And that’s scary, this whole backwardness and orthodoxy. Not because I’m afraid of Latin (I learned it at university level, I aced it, it’s standing me in good stead as I learn Spanish, Portuguese and Italian, I actually enjoy it), but because I don’t want to go back to the fucking Middle Ages. And neither does most of the world, developed or otherwise. We like separations of church and state. We like having reproductive rights! We like having the Pill, and safe abortion on demand. We like not getting AIDS. We like not having to be treated with prayers, leeches and superstition for the bubonic plague. We like not being burnt at the stake for heresy. And I particularly like not having my evolution contaminated with nebulous, woman-blaming shit like the doctrine of Original Sin.

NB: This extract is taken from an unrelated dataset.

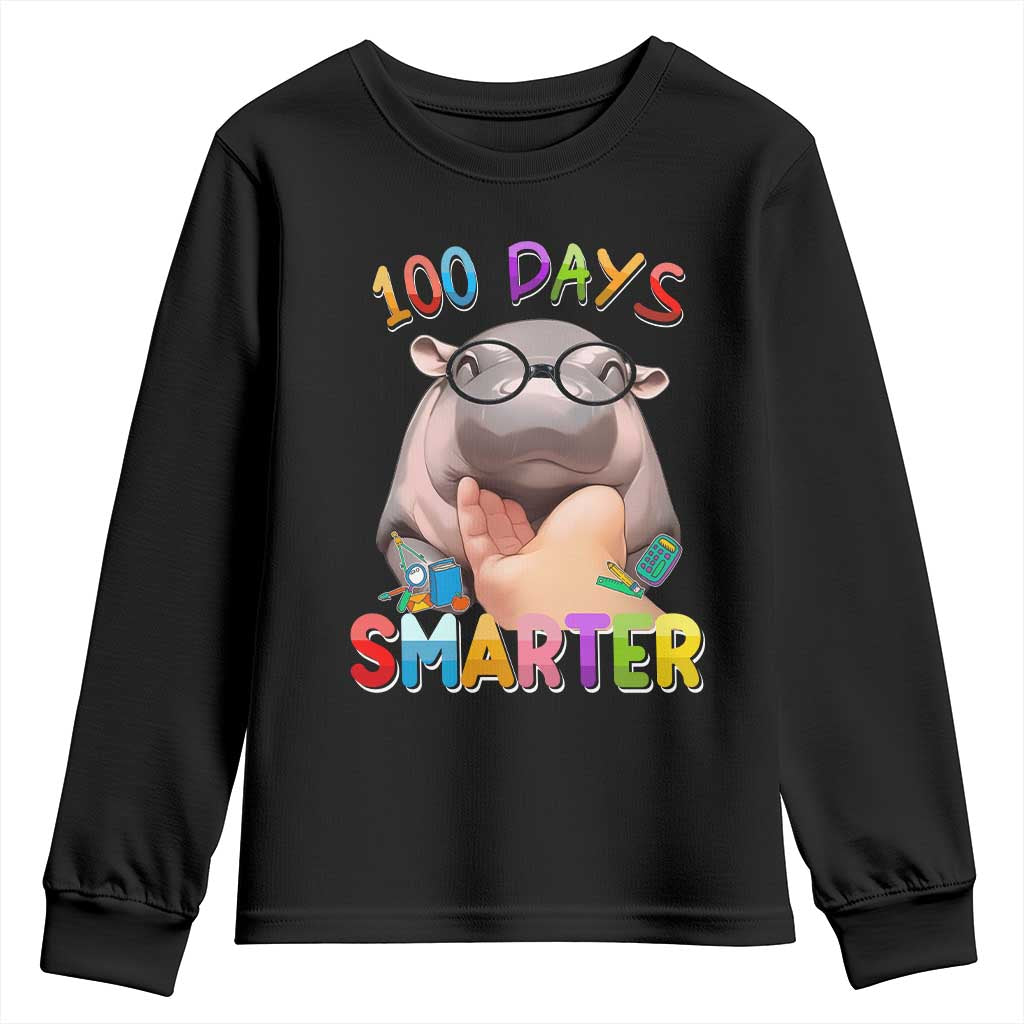 Funny Moo Deng 100 Days Smarter Youth Sweatshirt Teachers Students 100th Day Of School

And best of all, I like not having to listen to an endless line of sexist, homophobic, ostensibly celibate but probably closeted old geezers with fucked-up ideas trying to fuck up the rest of the world with said ideas. Because I’ve examined those ideas, and found them to be too full of crap for practical, everyday usage. Especially the one that insists that old, sexist, homophobic, ostensibly celibate but probably closeted geezers are Infallible. There is no such thing as papal infallibility, and the very fact that it was formally adopted in the 19th century to the canon of Catholic thought should tell you all you need to know about THAT particular, and very earthly, power-grab. And let’s not kid ourselves; that power-grab reaches way beyond just one Christian sect! Even here, in seemingly liberal, secular, humanistic Canada, the Catholic church still holds inordinate sway over the corridors of power in Ottawa, and in all the provincial and territorial capitals, too. Just the fact that they have publicly funded religious separate schools should tell you that something is fishy here. Nobody else does. (We Wiccans certainly don’t!)

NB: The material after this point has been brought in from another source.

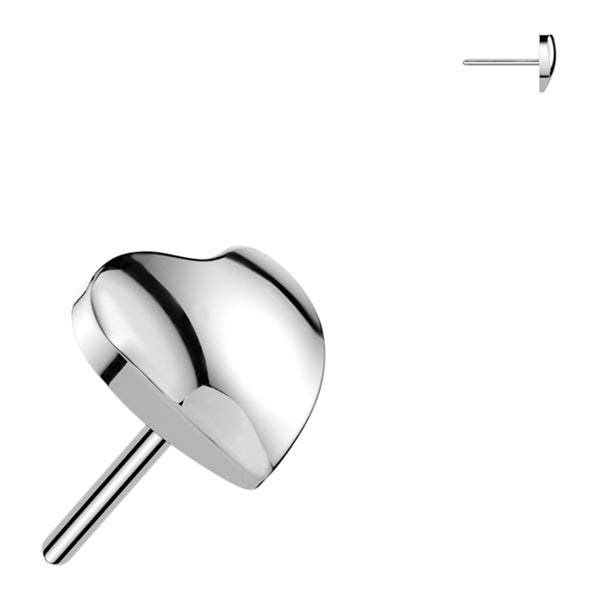 Rounded Heart Threadless Titanium End Threadless Ends High Polish (silver)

The papacy is obsolete; it is a dictatorship founded on obsolete and unenforceable ideas, and it sustains itself by keeping people in a state of mental and spiritual backwardness. And the fact that it is all too fallible is all too obvious nowadays. No one knows it better than my Catholic friends. They, too, are getting tired and frustrated with all the bullshit. Most of them have been living in more or less open revolt against the hierachy for decades, supporting Liberation Theology, birth control, gay rights, you name it. Anything but a return to the medieval sheepfold!

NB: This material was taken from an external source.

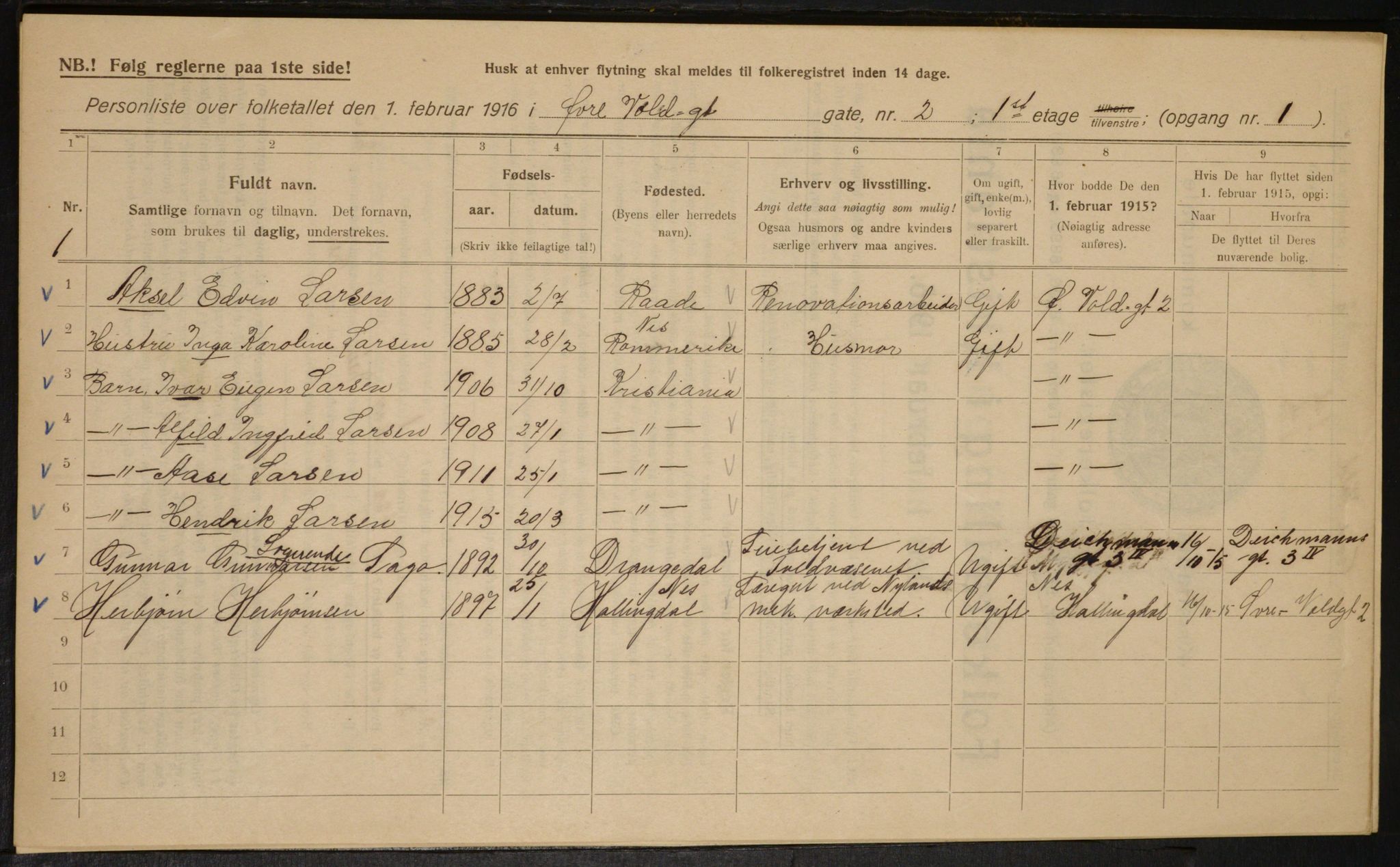 OBA, Municipal Census 1916 for Kristiania, 1916, p. 133793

If St. Malachy’s apocryphal prophecy indeed holds true, and this latest pope is Petrus Romanus, the last one before the end of the papacy, then maybe the best way to greet the end of it all is not with fear and trembling, but with growing spiritual autonomy, intellectual curiosity and hope. Because whatever is coming is surely better than more of the same old same old. And the best way to face it is to turn one’s head forward, not back.

Good night, and get fucked!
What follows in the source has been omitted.